The functional consequences of these observations remain to be explored. It has been suggested that thalamocortical network settings in “quiet” animals are optimized for stimulus detection (such that spiking responses are large and bursting). During active exploration, neurons are tonically active, such that they are better prepared to perform a more fine-grained analysis of stimulus dynamics (Nicolelis and Fanselow, 2002). It may well be that the differences in oscillatory power observed in response to cortical stimulation are a slightly more direct assay of these differences in network settings, rather than being the purpose of the network settings per se.

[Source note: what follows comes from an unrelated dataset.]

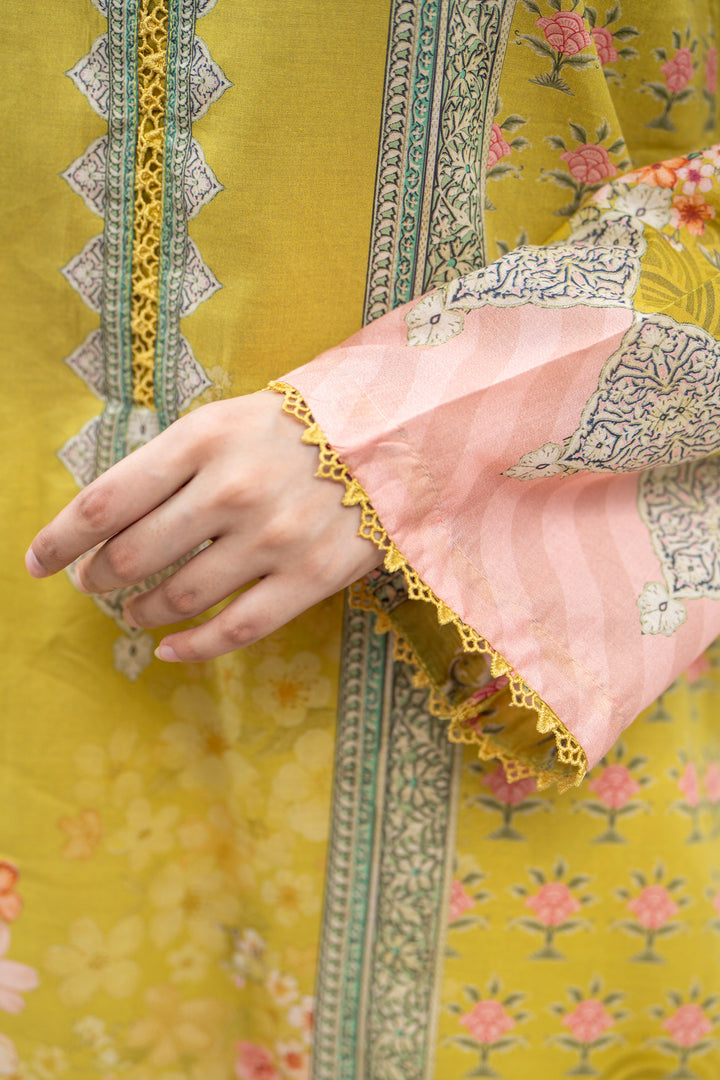 3 Pcs Unstitched Yellow Premium Lawn - SU25V33-S3 - JACQUARD CLOTHING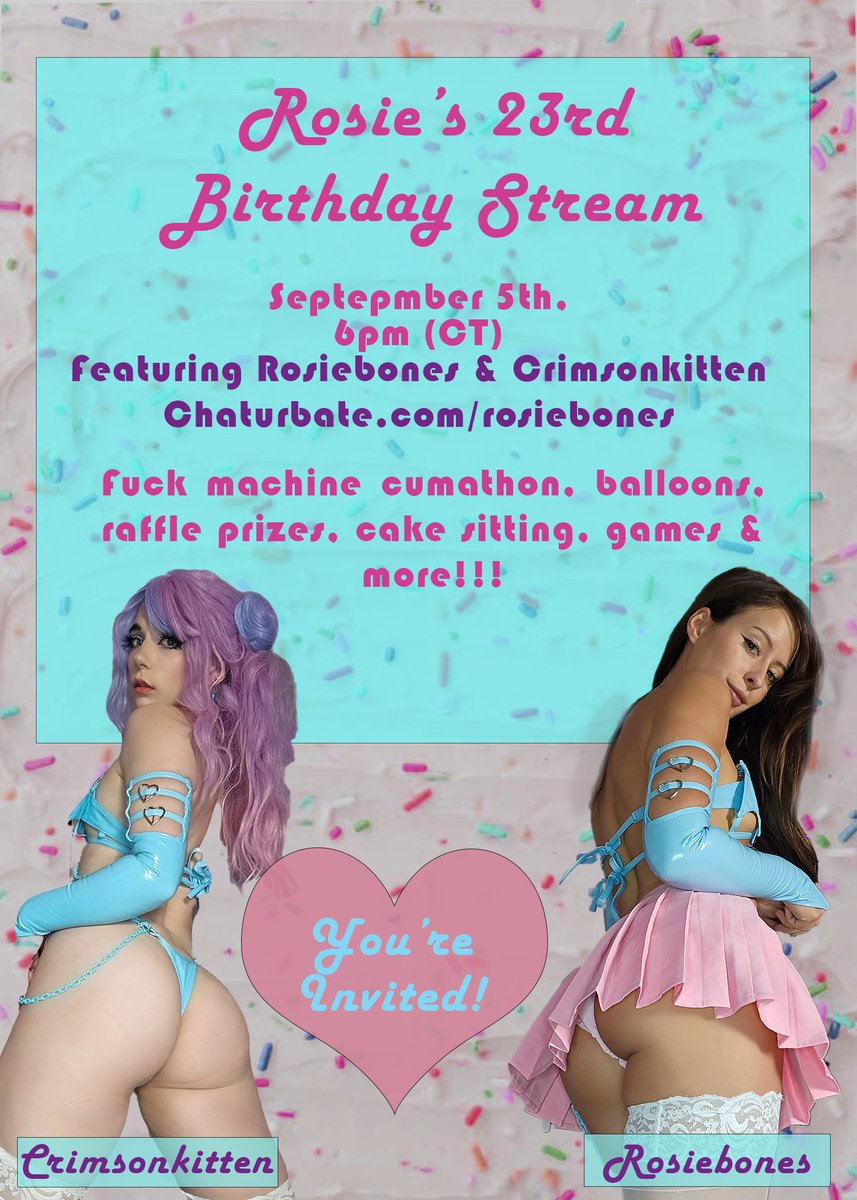 Celebrating with @_Rosie_Bones for her birthday tomorrow!🥳 Starting at 6pm CT The 🔗 is in her bio. Check it out and give her a follow and a happy birthday🩷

This is a particularly pertinent issue given that multiple distinct but overlapping rhythms can be observed in cortical circuits (Tort et al., 2010). That is, the function of the induced rhythm may be a subtle function of precisely what rhythm is induced. The authors specifically suggest that their observed oscillations more closely resemble the spindles observed under ketamine–xylazine anesthesia than the spontaneous spike-and-wave shaped “μ” rhythm that induces whisker twitching, and show that a blockade of GABAA can conceivably participate in making their thalamocortical network model transition from one of these rhythms to the other. With this combination of behavior, oscillation induction, and modeling, Venkatraman and Carmena are therefore poised to integrate a disparate body of results, and provide us with a uniquely wholistic explanation of thalamocortical function in awake rats.
Conflict of Interest Statement
The authors declare that the research was conducted in the absence of any commercial or financial relationships that could be construed as a potential conflict of interest.